Skills based investment package

Split over 5 years

Monsieur Popular?

Although all this has not yet made Mr Macron more popular than he was when elected, his core support is holding up strongly. We doubt his approval rating (now back at 49%) can fall below where it was after the summer (40%).  On the contrary, it should be supported by the ongoing recovery. GDP growth has reached 2.0% (QoQ annualized) for three quarters in a row and domestic demand remains strong. External trade has contributed positively to growth in the first semester but a stronger euro should diminish this effect in the coming months.

GDP reaches higher plateau, boosting President’s popularity

Confidence indicators show that French GDP has reached another growth level, more consistent with the current Eurozone recovery. After having grown on average by 1.0% per annum in 2013-16, growth rates should now be consistently above 1.7%. Investments are growing strongly, especially business investment which should grow by 4.1% in 2017 after 3.4% in 2016, given the strong order book backlog.
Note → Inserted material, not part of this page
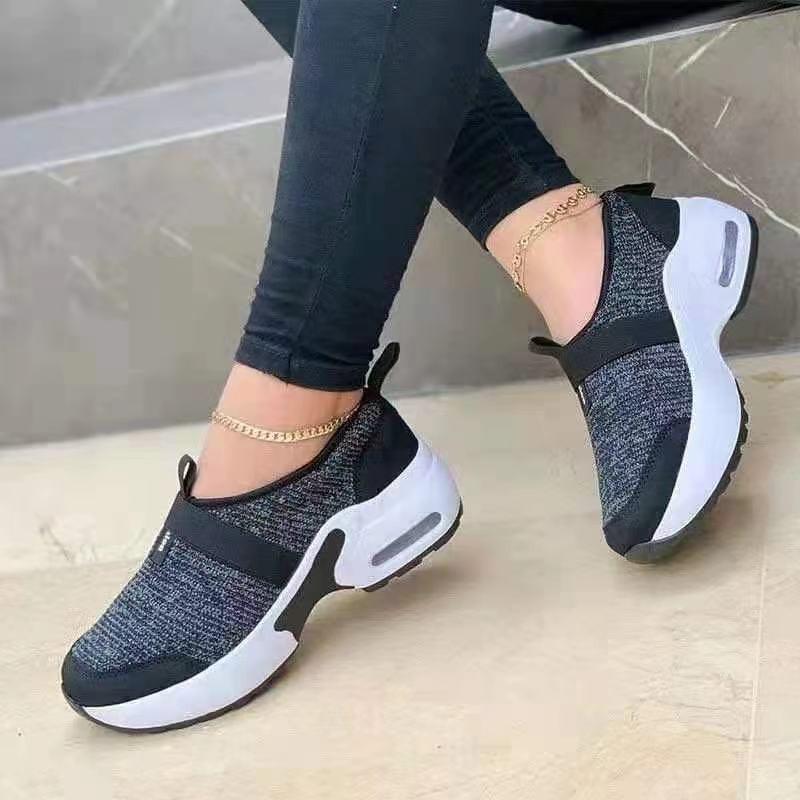 SUPER COMFORTABLE PLATFORM SNEAKERS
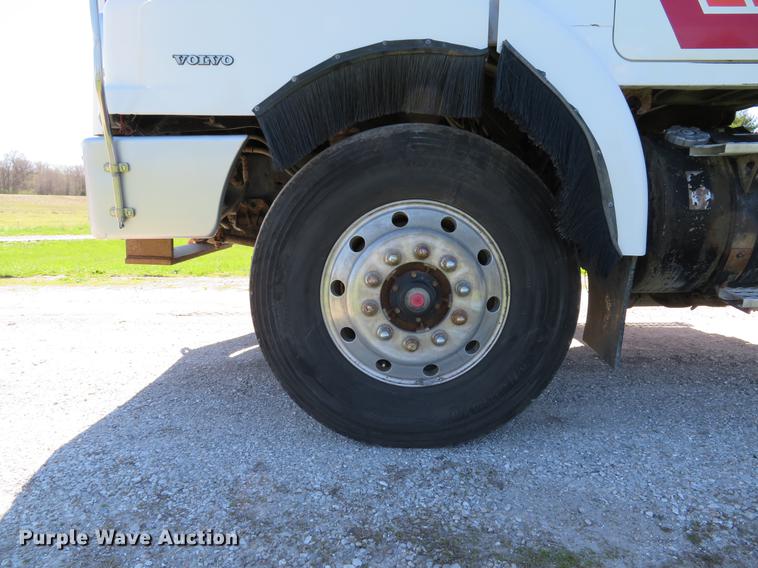 image for item DG3958 2000 Volvo WB roll-off container truck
Household investment has also contributed positively to the recovery for the last six quarters, thanks to low-interest rates and a stabilising housing market. On that front, some of the 2018 budget measures could dampen growth in 2018. The weakest investment growth spot remains the public sector which should see investments contract by around 1% in 2017. However, the plan unveiled by President Macron should help these recover.

4.1%

Business Investment Growth 2017 projection

Up from 3.4% in 2016

Private consumption growth set to jump in 2H17

Private consumption growth remained relatively subdued during the first half of the year and should be much lower than the 2.1% reached in 2016 (we expect 1.1%). Reasons for this include the negative base effect from the 4Q16 rebound and the unemployment rate remaining close to 10%. With employment growth on the right track, we expect private consumption to accelerate in the second half of the year, backed by higher consumer confidence.

1.9% growth looking likely through 2018-19

All in all, domestic demand is therefore on the right track. This growth outlook is however darkened by the negative contribution of external trade expected in the second half of the year, together with a stronger euro.

However, while external trade shaved off almost a full percentage point of growth in 2016, this effect should be much less in 2017 and GDP growth could still reach 1.7% this year. As we expect the recovery to be supported by the current reforms, we expect France to end its upward cycle only somewhere in 2019 - this is why we think that growth of 1.9% is achievable both in 2018 and 2019.

Finally, one should note that the 2018 budget will bring the French budget deficit below 3% for the first time since 2008. This will probably not be enough to allow France out of the EDP procedure as the structural effort (0.2ppt of GDP) remains well below what is required from France (0.5ppt), but should be sufficient to start bringing down the debt - currently at 97.5% of GDP, we expect it to decline by 5ppt over the next five years.